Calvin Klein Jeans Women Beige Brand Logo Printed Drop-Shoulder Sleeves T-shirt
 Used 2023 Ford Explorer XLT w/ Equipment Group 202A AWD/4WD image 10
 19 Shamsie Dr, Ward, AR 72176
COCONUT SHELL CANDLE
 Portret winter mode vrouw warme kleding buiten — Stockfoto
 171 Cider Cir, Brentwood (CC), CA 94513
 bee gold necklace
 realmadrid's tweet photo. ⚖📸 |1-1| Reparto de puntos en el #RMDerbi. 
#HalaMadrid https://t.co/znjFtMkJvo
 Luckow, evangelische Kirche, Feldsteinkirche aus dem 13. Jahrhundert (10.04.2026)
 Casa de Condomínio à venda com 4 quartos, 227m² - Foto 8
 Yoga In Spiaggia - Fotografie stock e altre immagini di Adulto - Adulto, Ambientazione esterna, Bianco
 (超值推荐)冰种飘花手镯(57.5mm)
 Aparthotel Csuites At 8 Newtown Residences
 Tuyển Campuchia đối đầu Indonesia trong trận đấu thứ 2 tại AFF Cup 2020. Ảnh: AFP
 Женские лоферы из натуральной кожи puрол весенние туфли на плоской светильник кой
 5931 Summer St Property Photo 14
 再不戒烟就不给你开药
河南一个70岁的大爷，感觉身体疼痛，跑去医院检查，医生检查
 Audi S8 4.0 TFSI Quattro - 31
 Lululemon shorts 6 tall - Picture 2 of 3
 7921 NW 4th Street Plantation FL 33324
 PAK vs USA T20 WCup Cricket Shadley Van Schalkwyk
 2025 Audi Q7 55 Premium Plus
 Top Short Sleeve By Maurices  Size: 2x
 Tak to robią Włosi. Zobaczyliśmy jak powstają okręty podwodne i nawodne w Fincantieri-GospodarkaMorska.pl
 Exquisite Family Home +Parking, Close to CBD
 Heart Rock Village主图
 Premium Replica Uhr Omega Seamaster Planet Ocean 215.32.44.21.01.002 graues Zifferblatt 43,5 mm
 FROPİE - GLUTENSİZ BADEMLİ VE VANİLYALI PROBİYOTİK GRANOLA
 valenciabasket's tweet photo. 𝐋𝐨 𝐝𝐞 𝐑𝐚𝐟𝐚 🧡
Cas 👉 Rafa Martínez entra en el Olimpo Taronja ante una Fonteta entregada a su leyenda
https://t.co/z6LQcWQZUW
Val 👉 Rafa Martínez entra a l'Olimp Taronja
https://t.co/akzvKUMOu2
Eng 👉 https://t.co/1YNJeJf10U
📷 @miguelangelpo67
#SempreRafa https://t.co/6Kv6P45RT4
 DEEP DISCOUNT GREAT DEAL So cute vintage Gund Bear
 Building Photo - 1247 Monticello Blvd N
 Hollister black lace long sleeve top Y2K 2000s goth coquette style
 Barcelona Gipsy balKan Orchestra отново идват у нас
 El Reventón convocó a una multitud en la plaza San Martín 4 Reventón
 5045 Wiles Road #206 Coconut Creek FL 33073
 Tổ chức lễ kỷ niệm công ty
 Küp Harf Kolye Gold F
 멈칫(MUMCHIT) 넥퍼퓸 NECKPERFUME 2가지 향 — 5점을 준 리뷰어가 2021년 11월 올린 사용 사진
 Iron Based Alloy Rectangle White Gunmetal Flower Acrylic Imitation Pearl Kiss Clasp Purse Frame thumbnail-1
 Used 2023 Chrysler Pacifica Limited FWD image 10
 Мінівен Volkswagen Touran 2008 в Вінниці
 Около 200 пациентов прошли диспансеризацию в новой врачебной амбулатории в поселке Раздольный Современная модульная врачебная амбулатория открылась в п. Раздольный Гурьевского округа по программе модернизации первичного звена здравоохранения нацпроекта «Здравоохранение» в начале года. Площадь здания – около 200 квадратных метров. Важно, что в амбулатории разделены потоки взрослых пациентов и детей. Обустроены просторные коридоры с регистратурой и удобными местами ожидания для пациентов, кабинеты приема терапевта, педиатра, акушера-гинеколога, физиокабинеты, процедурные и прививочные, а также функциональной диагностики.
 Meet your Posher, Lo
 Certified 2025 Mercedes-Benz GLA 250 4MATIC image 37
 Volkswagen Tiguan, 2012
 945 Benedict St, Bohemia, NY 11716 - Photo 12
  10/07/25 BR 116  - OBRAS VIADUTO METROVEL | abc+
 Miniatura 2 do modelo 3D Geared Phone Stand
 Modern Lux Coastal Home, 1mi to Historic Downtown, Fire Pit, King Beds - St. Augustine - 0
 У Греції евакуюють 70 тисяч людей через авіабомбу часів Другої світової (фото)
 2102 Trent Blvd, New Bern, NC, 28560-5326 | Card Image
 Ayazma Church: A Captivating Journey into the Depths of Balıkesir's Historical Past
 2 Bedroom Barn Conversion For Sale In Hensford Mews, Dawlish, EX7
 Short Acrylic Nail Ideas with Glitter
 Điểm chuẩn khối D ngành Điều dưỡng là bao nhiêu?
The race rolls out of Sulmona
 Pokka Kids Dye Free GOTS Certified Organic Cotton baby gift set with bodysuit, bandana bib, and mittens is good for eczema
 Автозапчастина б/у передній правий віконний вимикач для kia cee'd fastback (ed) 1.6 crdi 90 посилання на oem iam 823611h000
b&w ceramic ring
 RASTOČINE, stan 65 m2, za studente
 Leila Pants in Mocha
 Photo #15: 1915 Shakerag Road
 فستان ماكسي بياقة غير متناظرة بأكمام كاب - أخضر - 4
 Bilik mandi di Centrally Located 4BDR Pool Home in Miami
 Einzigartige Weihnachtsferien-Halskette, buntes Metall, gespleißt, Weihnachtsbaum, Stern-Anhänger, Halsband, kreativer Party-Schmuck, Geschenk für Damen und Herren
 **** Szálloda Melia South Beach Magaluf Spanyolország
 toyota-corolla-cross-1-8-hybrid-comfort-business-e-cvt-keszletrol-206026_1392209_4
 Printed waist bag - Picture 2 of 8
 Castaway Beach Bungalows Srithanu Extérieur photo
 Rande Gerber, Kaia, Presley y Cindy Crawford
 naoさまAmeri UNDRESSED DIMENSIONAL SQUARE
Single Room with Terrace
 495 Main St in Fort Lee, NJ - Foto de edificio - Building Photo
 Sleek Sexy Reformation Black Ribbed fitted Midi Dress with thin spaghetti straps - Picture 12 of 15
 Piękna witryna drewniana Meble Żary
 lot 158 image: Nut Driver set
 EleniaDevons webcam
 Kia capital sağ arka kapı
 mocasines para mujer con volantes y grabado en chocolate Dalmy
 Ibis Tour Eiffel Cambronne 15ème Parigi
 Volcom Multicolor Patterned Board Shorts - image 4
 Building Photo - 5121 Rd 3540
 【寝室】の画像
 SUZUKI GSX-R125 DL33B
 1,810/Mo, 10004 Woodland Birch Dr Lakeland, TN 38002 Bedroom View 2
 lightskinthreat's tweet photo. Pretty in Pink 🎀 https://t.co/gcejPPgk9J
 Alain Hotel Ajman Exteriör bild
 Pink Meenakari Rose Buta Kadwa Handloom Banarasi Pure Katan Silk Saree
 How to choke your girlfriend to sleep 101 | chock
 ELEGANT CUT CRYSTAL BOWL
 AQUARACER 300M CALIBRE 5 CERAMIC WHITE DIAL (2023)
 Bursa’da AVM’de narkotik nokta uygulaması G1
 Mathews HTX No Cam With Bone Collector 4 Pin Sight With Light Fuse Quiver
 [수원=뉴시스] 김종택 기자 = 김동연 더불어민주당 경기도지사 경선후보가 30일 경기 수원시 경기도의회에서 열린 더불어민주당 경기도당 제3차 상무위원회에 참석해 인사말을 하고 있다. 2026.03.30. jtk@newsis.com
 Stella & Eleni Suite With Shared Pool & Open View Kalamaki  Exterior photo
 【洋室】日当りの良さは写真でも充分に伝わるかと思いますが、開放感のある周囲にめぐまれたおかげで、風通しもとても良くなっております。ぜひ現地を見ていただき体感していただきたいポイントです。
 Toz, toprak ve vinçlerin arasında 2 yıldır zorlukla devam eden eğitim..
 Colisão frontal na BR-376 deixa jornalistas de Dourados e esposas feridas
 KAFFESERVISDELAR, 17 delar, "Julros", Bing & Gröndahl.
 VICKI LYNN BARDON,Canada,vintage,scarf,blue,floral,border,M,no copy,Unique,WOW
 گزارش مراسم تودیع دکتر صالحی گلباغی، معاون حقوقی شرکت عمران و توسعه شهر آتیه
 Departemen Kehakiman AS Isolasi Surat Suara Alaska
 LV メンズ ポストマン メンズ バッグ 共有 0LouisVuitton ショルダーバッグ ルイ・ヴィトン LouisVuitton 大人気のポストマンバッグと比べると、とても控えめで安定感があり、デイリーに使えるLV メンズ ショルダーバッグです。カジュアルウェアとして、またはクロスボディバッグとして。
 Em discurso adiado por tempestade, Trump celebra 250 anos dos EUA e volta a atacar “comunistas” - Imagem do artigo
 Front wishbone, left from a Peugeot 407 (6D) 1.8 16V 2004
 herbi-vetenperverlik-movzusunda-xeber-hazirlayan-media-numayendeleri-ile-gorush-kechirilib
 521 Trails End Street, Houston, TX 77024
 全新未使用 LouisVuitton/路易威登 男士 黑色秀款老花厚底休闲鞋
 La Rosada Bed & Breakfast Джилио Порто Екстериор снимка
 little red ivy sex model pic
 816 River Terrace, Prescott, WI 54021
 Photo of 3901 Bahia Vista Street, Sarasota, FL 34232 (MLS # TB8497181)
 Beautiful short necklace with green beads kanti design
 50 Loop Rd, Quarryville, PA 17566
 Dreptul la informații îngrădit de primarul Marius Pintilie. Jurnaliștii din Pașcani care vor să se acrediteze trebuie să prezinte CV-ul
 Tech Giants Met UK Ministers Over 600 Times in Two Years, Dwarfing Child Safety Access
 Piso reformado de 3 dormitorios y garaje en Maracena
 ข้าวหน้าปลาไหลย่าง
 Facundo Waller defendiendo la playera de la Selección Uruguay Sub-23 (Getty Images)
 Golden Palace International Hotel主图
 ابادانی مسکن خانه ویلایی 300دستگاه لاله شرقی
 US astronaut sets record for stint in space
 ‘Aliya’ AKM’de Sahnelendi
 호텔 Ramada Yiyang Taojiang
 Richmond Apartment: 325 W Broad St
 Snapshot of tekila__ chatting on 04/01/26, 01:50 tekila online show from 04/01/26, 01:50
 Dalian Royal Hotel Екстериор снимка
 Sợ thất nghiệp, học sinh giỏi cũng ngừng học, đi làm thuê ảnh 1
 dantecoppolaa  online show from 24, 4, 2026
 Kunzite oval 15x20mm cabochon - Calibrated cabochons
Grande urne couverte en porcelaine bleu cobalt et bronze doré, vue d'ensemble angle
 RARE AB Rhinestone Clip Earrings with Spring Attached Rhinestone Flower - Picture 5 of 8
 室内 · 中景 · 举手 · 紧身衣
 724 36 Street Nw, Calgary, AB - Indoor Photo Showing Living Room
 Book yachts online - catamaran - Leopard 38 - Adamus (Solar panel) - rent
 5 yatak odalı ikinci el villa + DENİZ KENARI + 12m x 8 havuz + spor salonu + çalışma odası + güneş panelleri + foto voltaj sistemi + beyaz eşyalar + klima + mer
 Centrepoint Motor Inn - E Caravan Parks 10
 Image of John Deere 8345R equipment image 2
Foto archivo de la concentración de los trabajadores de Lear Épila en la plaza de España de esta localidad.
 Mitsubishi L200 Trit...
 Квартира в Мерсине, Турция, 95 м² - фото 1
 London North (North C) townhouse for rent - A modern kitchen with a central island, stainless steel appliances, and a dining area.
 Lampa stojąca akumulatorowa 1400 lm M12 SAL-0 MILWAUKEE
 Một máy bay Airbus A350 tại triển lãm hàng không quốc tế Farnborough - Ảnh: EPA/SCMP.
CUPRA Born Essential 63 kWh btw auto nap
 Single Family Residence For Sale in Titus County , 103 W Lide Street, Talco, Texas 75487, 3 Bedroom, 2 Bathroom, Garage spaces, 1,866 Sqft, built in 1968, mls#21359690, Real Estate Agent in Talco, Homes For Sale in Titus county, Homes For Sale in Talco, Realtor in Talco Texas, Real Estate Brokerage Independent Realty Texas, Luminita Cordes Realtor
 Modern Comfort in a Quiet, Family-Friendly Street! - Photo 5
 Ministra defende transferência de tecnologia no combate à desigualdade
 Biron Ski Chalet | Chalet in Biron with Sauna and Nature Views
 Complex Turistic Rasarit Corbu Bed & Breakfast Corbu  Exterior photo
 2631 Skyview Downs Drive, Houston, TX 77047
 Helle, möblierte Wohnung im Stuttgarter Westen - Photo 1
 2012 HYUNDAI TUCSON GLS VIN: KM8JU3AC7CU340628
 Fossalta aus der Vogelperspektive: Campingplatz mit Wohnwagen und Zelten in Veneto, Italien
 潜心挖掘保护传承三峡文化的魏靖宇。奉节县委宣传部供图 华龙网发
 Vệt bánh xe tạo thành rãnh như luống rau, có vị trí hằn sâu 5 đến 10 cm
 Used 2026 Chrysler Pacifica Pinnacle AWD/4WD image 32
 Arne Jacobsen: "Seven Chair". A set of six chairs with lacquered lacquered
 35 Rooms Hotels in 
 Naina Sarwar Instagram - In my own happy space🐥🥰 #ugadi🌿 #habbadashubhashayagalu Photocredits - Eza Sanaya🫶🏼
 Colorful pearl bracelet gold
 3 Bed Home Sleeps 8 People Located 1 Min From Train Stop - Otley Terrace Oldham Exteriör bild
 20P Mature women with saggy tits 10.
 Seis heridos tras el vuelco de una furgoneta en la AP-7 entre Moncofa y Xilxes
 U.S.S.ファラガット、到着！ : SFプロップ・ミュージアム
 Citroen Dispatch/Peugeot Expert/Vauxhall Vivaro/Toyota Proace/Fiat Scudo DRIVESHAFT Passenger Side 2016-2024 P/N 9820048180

* [EXERCISE DETAILS] Find and copy each line of the material that holds the word "Peugeot".

* [THE ANSWER]
 Front wishbone, left from a Peugeot 407 (6D) 1.8 16V 2004
 Citroen Dispatch/Peugeot Expert/Vauxhall Vivaro/Toyota Proace/Fiat Scudo DRIVESHAFT Passenger Side 2016-2024 P/N 9820048180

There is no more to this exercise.